Obama-era Deputy Attorney General Sally Yates pushed to notify the incoming Trump administration of the nature of Michael Flynn’s communications with Russia, but was slow-rolled by the FBI, according to bombshell documents filed Thursday.
The behind-the-scenes revelation came to light in a memo of an interview with Yates, among a trove of documents released as the DOJ dropped its criminal case against Flynn, Trump’s former national security adviser.
Yates first learned of the contacts between Flynn and then-Russian Ambassador Sergey Kislyak — in which Flynn asked that Russia refrain from retaliating to sanctions imposed over interference in the 2016 election — from President Obama himself, the FBI memo says.
Obama told Yates during a January 2017 meeting in the Oval Office that he had “learned of the information about Flynn” and wanted to know how to proceed, according to the documents.
Then-FBI director James Comey was also in the meeting — held in the final days of the Obama administration — but didn’t float the idea of prosecuting Flynn, the papers say.
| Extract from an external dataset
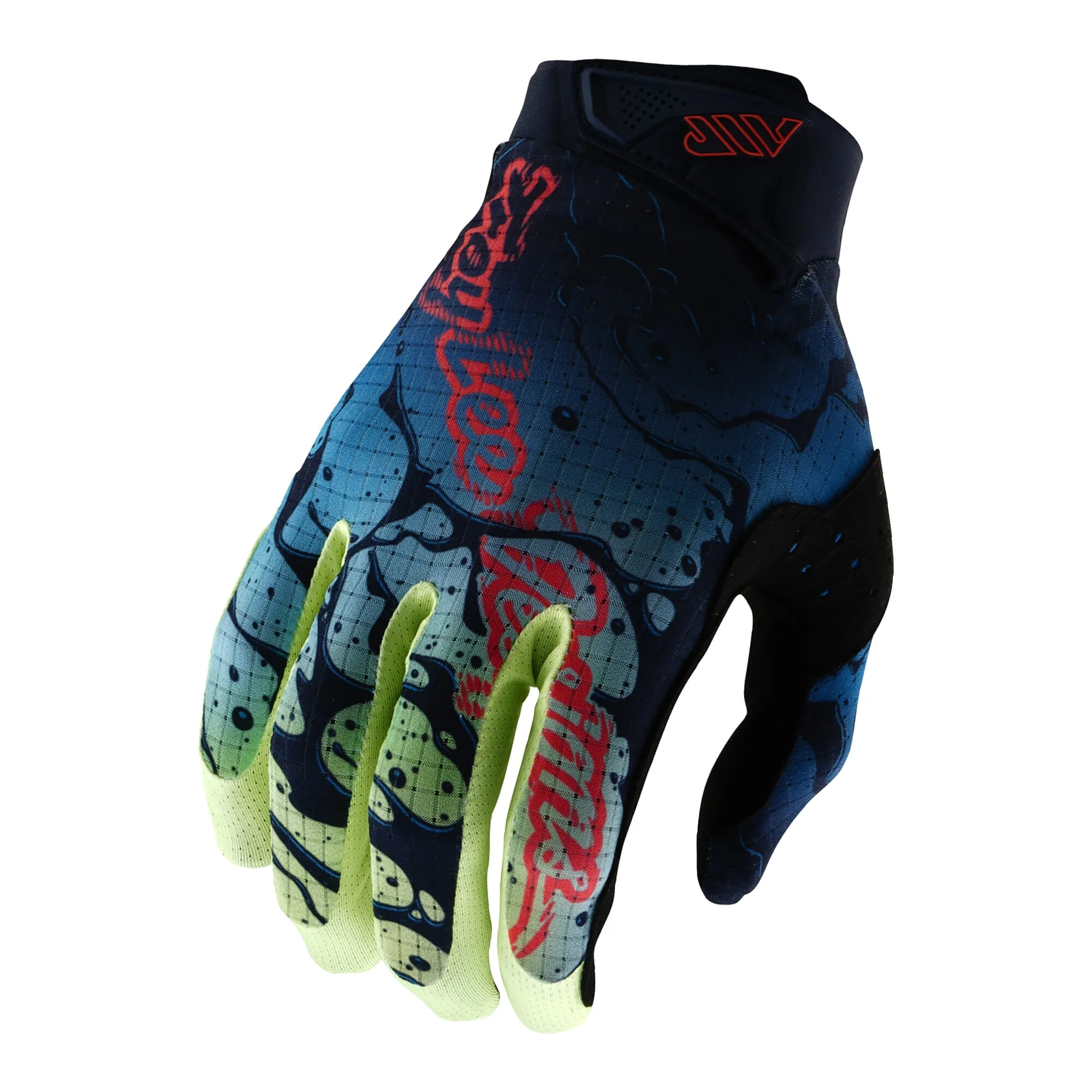 Troy Lee Designs Air Glove 2025 - Image 15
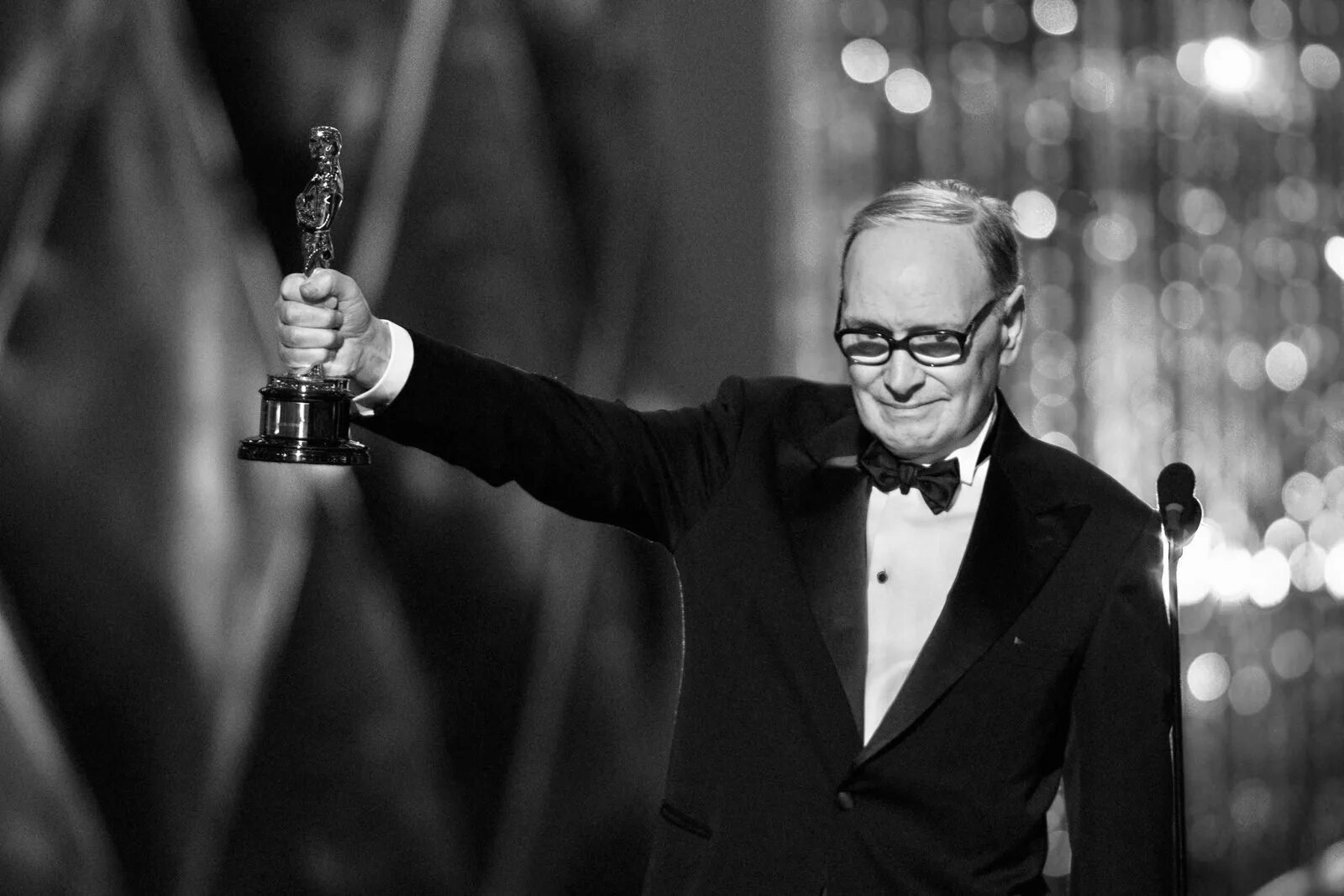 Once upon a time in america эннио морриконе. Ennio morricone - once upon a time in america (1984). Once upon a time in america эннио морриконе. Once upon a time in america ennio morricone ноты. Морриконе однажды америке музыка.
Days later, Vice President-elect Mike Pence appeared on “Face the Nation” and said that Flynn had told him his conversations with Kislyak were on the level, and included no discussion of sanctions.
Yates pushed to notify the Trump camp that they had information to the contrary, if only to prevent Pence from unwittingly lying to the public, according to the papers.
But in a call with Comey after Trump’s inauguration, the G-man blindsided Yates by telling her that two FBI agents were en route to interview Flynn at the White House, the memo says, leaving Yates infuriated at not being looped in on the move.
“You can understand why I did this,” Yates recalled Comey saying in the call, explaining that it was so the probe didn’t “look political.”
Flynn was ultimately forced to resign as NSA after less than a month in the post, and pleaded guilty in December 2017 to lying to the FBI about the calls with Kislyak.
Flynn indicated at the time that he would testify that he reached out to Russia at Trump’s behest, directly contradicting the president’s proclamations of innocence.
But Flynn instead sought to retract his guilty plea, a process that was still ongoing before Thursday’s DOJ shocker.
Trump hailed Flynn on Thursday as a “hero” victimized by “human scum” within the Obama administration.